**Task**: The range to repeat runs from the line with "Presentation with king" to the last line below, both ends included; give it exactly and without pictures.

**Exercise data**:

================

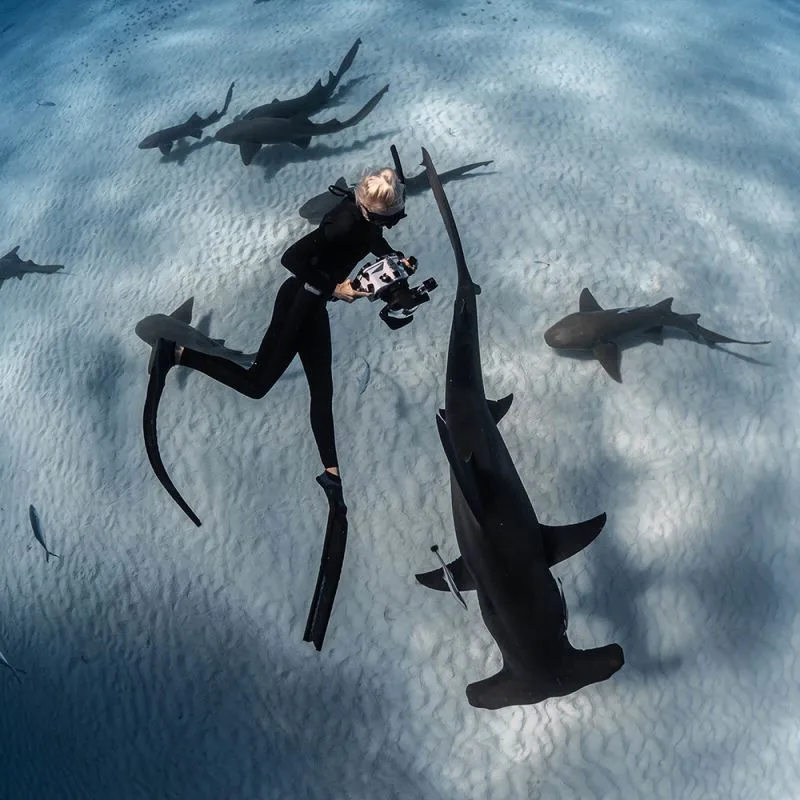 Como Maalifushi - Photo 17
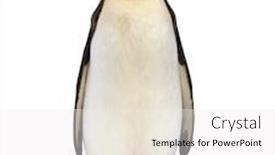  Presentation with king - Slide set enhanced with king-penguin-standing-and-staring background and a white colored foreground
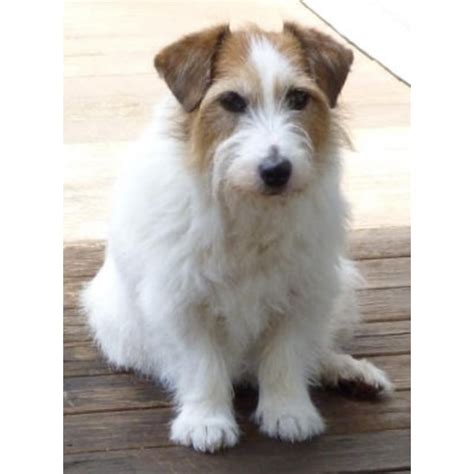 Belle Small Female Wire Haired Jack Russell Terrier Dog In Nsw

================

**Answer section**:
  Presentation with king - Slide set enhanced with king-penguin-standing-and-staring background and a white colored foreground
 Belle Small Female Wire Haired Jack Russell Terrier Dog In Nsw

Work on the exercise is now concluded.